A simple neighbor-joining tree with 1000-times bootstrap analysis was built for the phylogenetic analysis of the primary sequences. The bootstrap tree is shown in Figure 20. The tree was built using MEGA 11 (Molecular Evolutionary Genetics Analysis) software [36]. The consensus tree was compared with the bootstrap tree to find the evolutionary analysis of the proposed model. From Figure 20, we could observe that Homo sapiens is more closely related to the Pongo abelii, Bos taurus, and Sus scrofa species. Our results from Figure 19 show that Homo sapiens is closely related to Bos taurus and Sus scrofa, which can be verified from the standard results of the bootstrap analysis of the primary sequences. The hierarchical clustering phylogenetic tree results based on physicochemical properties shared similarities with standard bootstrap analysis. As shown in Figure 6, Bos taurus and Sus scrofa are closely related to each other and then also grouped with Pongo abelii and Homo sapiens.

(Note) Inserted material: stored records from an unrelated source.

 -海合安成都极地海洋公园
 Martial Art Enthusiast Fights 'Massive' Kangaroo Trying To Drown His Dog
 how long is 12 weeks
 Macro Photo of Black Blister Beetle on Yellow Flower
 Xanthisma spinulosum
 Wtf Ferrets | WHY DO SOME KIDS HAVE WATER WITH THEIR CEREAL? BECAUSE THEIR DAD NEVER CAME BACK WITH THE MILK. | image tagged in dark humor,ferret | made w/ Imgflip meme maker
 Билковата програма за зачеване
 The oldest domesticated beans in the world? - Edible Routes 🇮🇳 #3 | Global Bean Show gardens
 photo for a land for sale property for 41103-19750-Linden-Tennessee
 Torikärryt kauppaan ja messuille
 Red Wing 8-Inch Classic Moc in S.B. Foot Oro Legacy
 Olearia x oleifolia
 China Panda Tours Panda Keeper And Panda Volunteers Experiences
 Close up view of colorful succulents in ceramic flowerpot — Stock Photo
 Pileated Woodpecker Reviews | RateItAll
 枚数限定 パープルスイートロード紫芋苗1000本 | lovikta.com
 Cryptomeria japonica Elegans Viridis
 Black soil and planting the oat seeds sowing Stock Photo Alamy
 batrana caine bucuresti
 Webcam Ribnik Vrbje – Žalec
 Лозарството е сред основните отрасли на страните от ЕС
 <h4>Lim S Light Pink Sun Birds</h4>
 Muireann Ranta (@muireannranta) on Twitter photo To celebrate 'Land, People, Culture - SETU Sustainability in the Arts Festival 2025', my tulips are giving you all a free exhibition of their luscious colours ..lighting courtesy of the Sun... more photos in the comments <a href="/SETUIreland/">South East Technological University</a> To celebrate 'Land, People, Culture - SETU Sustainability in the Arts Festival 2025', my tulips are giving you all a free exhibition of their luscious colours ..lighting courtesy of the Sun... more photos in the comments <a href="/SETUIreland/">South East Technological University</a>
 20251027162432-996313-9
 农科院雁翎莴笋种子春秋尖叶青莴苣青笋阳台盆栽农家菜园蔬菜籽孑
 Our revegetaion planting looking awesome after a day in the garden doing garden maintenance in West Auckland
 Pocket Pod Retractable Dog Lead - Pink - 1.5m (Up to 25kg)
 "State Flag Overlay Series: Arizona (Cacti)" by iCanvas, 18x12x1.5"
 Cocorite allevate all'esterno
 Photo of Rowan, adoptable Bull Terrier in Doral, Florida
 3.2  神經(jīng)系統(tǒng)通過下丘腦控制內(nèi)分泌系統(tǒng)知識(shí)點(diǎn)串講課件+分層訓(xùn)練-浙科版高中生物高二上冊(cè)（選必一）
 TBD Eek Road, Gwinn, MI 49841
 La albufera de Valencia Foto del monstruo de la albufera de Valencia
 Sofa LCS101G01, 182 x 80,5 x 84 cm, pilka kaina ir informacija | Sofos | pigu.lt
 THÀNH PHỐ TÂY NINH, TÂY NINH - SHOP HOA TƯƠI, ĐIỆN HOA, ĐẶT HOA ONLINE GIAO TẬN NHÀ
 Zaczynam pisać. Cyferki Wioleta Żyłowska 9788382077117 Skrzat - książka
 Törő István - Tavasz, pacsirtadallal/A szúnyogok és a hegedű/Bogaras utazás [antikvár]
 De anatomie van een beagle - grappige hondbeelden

The statistical parameters were used for feature extraction and for the classification point of view; they are also used in other papers [20,24,25] for biological evolutionary analysis of the species. In the near future, other available ALDH2 genes can be studied and will strengthen the observations reported here. Our results show that Homo sapiens is more closely related to the Bos taurus and Sus scrofa species, which can be seen from the consensus tree. Experimentally it has been concluded that the testing for discovering medicines may be done on these species before testing in humans to alleviate the impacts of ALDH2 deficiency. It was observed that they share evolutionary closeness.

5. Conclusions

This research aimed to develop an efficient alignment-free tool in protein sequence comparison and phylogenetic study. A comprehensive analysis of ALDH2 sequences of fourteen species, including Homo sapiens (human), was carried out. The proposed method performs a feature generation process based on the various quantitative metrics (physicochemical properties, secondary structure, Hurst exponent, Shannon entropy, and fractal dimension) properties of amino acids that best describe the evolutionary relationship among the species in these protein families. The results show that some species always belong to the same cluster even if we consider secondary structure, physicochemical properties, Shannon entropy, fractal dimension, or Hurst exponent. These species are Mus pahari, Rattus norvegicus, Arvicanthis niloticus, Cricetulus griseus, and Grammomys surdaster. Homo sapiens shows similarity to Amblyraja radiata, Xenopus tropicalis, Danio rerio, and Bos taurus when all species are clustered with the Hurst exponent using the K-means algorithm. If we consider Shannon entropy, then Homo sapiens shows similarity to Meleagris gallopavo, Mus musculus, Bos taurus, and Xenopus tropicalis. Homo sapiens is clustered with Bos taurus in the case of fractal dimension, but if we consider secondary structure, then Homo sapiens forms a cluster with Rattus norvegicus, Mus pahari, Arvicanthis niloticus, Cricetulus griseus, Grammomys surdaster, and Mus musculus. Using all phylogenetic trees generated by various features, i.e., physicochemical properties, secondary structure, and statistical measures, a consensus tree was built to summarize the results. Homo sapiens is more closely related to the Bos taurus and Sus scrofa species as supported by the consensus tree. Experimentally it has been concluded that the Bos taurus and Sus scrofa species are the best options for testing for discovering medicines before they are applied to humans to alleviate the impacts of ALDH2 deficiency. The physicochemical properties clusters share similarities with bootstrap standard results.